Go through the records and show each line where the word "railings" occurs.

→ Collected data:
════════════════
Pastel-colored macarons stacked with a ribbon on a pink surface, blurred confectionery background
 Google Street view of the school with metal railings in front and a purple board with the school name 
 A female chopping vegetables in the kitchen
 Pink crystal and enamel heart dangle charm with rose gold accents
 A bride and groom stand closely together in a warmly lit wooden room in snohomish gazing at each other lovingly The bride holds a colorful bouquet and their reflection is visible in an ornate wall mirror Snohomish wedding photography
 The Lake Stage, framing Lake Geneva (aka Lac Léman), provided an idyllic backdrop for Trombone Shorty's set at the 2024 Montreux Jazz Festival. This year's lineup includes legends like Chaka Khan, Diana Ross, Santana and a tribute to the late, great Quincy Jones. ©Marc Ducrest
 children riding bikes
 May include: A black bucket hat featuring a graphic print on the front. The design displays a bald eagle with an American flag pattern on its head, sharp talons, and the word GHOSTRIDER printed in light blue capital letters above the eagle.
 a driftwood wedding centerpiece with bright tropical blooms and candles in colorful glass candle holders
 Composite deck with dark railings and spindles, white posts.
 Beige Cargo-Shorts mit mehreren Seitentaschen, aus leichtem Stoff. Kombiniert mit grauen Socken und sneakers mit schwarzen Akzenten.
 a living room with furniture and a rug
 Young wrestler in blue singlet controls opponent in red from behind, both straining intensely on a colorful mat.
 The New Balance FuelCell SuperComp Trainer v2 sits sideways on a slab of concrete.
════════════════
→ EXERCISE ANSWER:
 Google Street view of the school with metal railings in front and a purple board with the school name 
 Composite deck with dark railings and spindles, white posts.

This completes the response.